Except for that last bit I might have been talking about this summer's extraordinarily hot weather. The recent spate of heat waves across the country is nothing to belittle, and in fact should remind us of the dangers of extreme heat. But the nation's worst heat wave, and one of the worst natural disasters in American history, actually took place in New York in August 1896. During a ten-day heat wave 1300 New Yorkers died.
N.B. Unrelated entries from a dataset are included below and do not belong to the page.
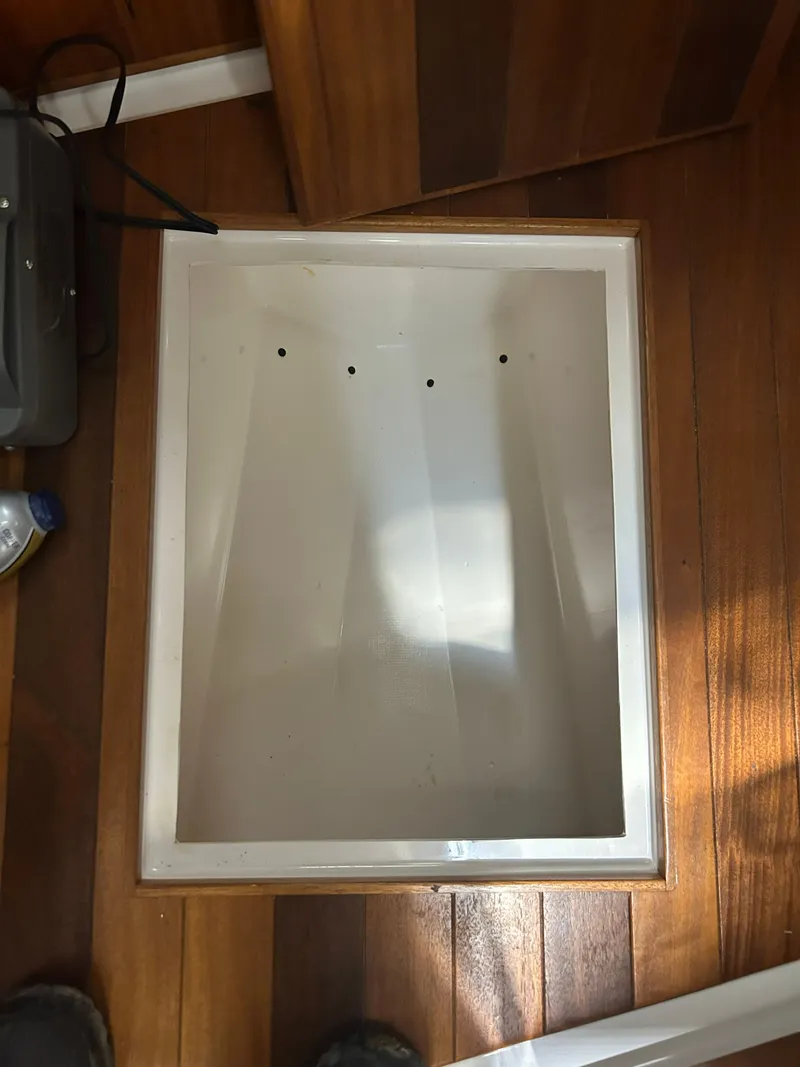 Slide: The Image of Pursuit OS 385 Offshore 2016 - 21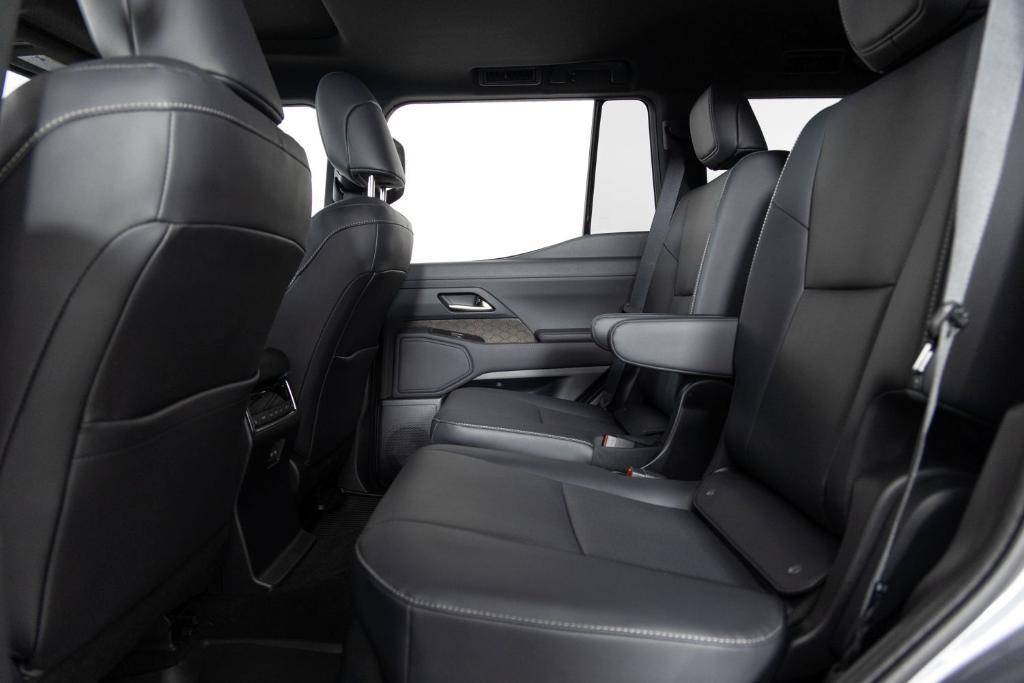 used 2025 Lexus GX 550 car, priced at $99,995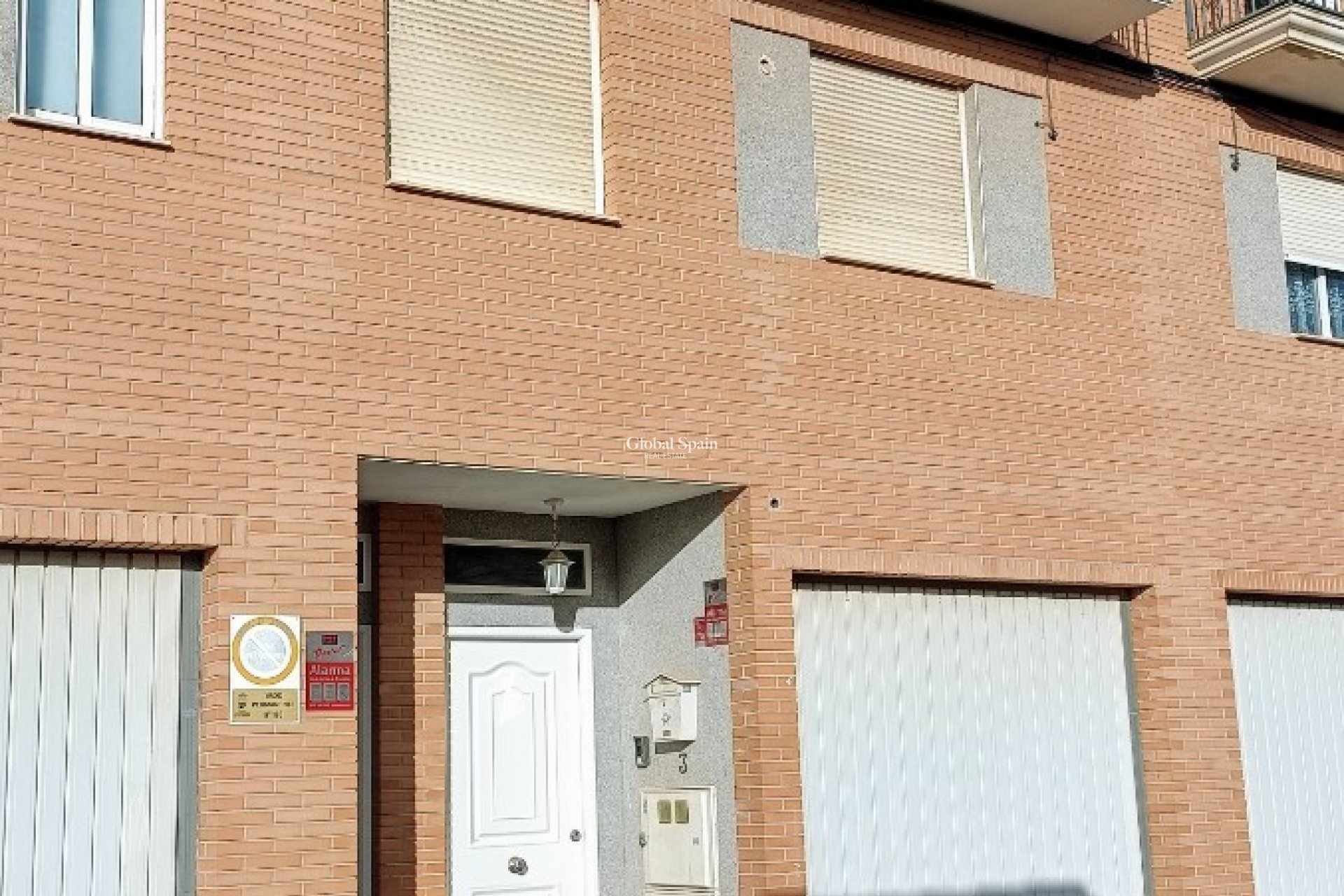 Resale - HOUSE -
LA ROMANA - Inland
Especially hard hit were the city's working poor, with the average heat victim being an immigrant laborer living in a tenement. In a time of ten-hour workdays and six-day work weeks, New York's working poor literally worked themselves to death.

For a number of years, I have been researching Theodore Roosevelt's early political career in New York, attempting to poke holes in the western cowboy icon he has become. After all, here is a man born and raised in Manhattan, who had his early political career in New York. This includes his time as Police Commissioner from 1895-97. A few years ago I came across a letter he wrote to his sister Anna just after the heat wave ended. Roosevelt wrote his sister about the past week's "two excitements" in New York: the "heated term" and the Madison Square Garden speech of Democratic presidential candidate William Jennings Bryan. At first I thought that this was simply a wonderful convergence of events. Here was a key moment in American political history, being observed by Roosevelt only five years away from the White House, with a heat wave as a dramatic backdrop. But as I looked into the heat wave I realized that this was a horrific catastrophe, and one that has been completely forgotten.

The main archival source for Hot Time in the Old Town are thousands of death certificates filed in Manhattan and Brooklyn that tragic August. They paint a vivid picture of life and death among New York's poorest and vulnerable citizens. Perhaps the most heartbreaking are the records for the very youngest of the heat wave's victims. The first victim of the heat wave may have been fifteen-month old Hyman Goldman who had arrived with his parents from Russia nine months before. Having made it to New York the family moved into a decrepit tenement on Broome Street. Hyamn died from "exhaustion" on the heat wave's first day. Annie Botchkiss was born to Russian immigrants on August 6 in a rear tenement, and died after only five days, on August 11 at the height of the heat wave. A doctor was called when seven-month old Fannie Hertzberg fell ill on August 13, the last day of the heat wave. She held on for the next eight days and finally succumbed on August 21, on a day when the thermometer topped at a pleasant 71 degrees. Under the "Occupation" section of the death certificate, the doctor wrote "Infant."

I first sat down in the New York Municipal Archives to look at the death certificates in the summer of 2007, a year after my own daughter Alara was born. I remember coming across the batch of certificates filed by the doctor for the New York Foundling Hospital for abandoned babies. Page after page the microform reader revealed the deaths of achingly young infants: Sara, age one month, eight days; Janet, age one month; Francis, age one month, 22 days; and tiny baby Edward, age only 22 days. So far away from my own little baby, I almost cried.

The 1896 heat wave has been almost completely forgotten because we do not take heat waves very seriously. President Obama referred to the February 2010 snowstorm as "Snowmageddon," although only two people died. Pictures from the recent heat waves show children eating ice cream and frolicking in fountains. Yet heat is this country's number one disaster killer, on average killing more Americans than floods, tornadoes, and hurricanes combined. With the summers only becoming hotter in the future, media, the government, and average citizens must work together to avoid another disaster on the scale of 1896 when the smallest and most helpless died.